Der Gagá-Kult

Es werden zwei Gruppen von Göttern unterschieden: die friedlichen Radá und die kriegerischen Petró. Während die Radá die religiösen Konzepte und Mythen der westafrikanischen Tradition darstellen, sind die Petró aus den grausamen Erfahrungen der Afrikaner auf der Insel Hispaniola entstanden. Die Petró-Götter sind eine direkte Reaktion auf die Brutalität des Sklavenhaltersystems und antworten auf das Bedürfnis der Schwarzen, die Grausamkeiten der Ausbeutung zu verarbeiten.

Im religiösen Zusammenhang des Gagá finden sich viele Petró-Elemente wie zum Beispiel der Gebrauch von Pfeife und Peitsche. Die Peitsche ist das Symbol des Triumphes über die Sklaverei. Die Petró-Rituale stimulierten die Sklaven im 18. Jahrhundert zu Aufständen und führten 1804 zur Bekämpfung des Kolonialismus. Auch die Pfeife wird mit der Sklaverei assoziiert. Sie erinnert an die Herrschaft der Vorarbeiter und symbolisiert andererseits die Führung derjenigen, die die Massen in die Freiheit geleitet haben.

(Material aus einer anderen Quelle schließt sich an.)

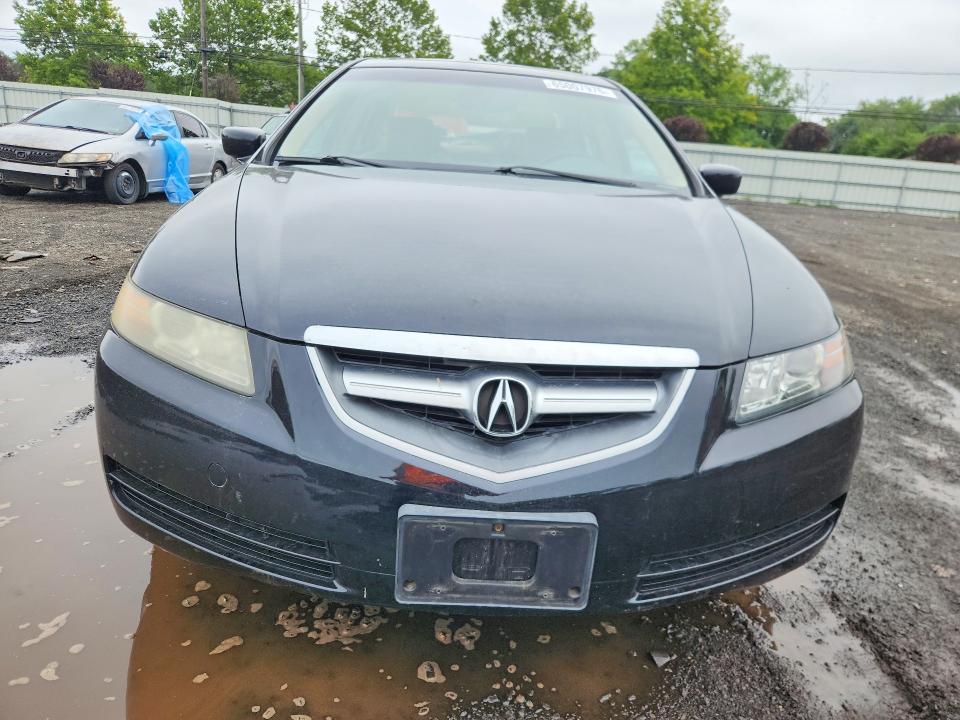 65007976 :رقم المزاد ، 19UUA66206A041095 vin ، 2006 Acura 3.2tl مزاد بيع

Während der Gagá durch die Straßen zieht, ertönt lautes Peitschenknallen und der schrille Ton der Trillerpfeifen. Damit werden die Petró –Götter gerufen, die Geister des Krieges und der Rache. In der Zeremonien finden rituelle Trancen statt, bei denen die einzelnen Teilnehmer von Petró-Göttern besessen werden und ihre Macht durch so genannte Feuerproben unter Beweis stellen.

Zentrale Petró-Gottheiten sind die Guédués. Der Chef dieser Götterfamilie ist el Barón del Cementerio, der den Friedhof bewacht und zwischen Lebenden und Toten vermittelt. Er ist der Gott des Todes, der Wiederauferstehung und der Männlichkeit, repräsentiert durch die Farbe Schwarz. Der dueño del gagá kleidet sich ihm zu Ehren schwarz: freier Oberkörper, schwarze Hose, schwarzer Hut, schwarze Sonnenbrille, manchmal trägt er als Symbol der Manneskraft einen roten Stock. Laszivität und Geilheit dominieren sein Auftreten. Der Gagá ist auch ein Fruchtbarkeitskult.

Seit Beginn der Sklaverei passten sich die in die Neue Welt verschleppten Schwarzen dem christlichen Kalender an, der ihnen aufgezwungen wurde. Katholische Feste wie Weihnachten oder Ostern gaben den Raum, eigene Zeremonien mit afrikanischer Musik und Tanz abzuhalten.

Die Sklaven versteckten hinter vorgetäuschter Devotion und Zustimmung vor den weißen Gutsherren ihre religiösen Praktiken, die im Kolonialsystem verboten waren.

Vier Bambusrohre – papá bambú, segundo bambú, tercer bambú etc. – unterschiedlicher Länge und Dicke machen den unverwechselbaren Sound des Gagá aus. Sie werden stoßartig geblasen und bilden zusammen eine Melodie. Daneben gibt es Trommeln, Trompeten, Muschelhörner und viele kleinere Perkussionsinstrumente. Diese Musik begleitet den Chor, der mit seinen Gesängen die Petró-Götter anruft und auf ganz irdische Themen wie Sexualität und die erotische Beziehung zwischen den Geschlechtern anspielt.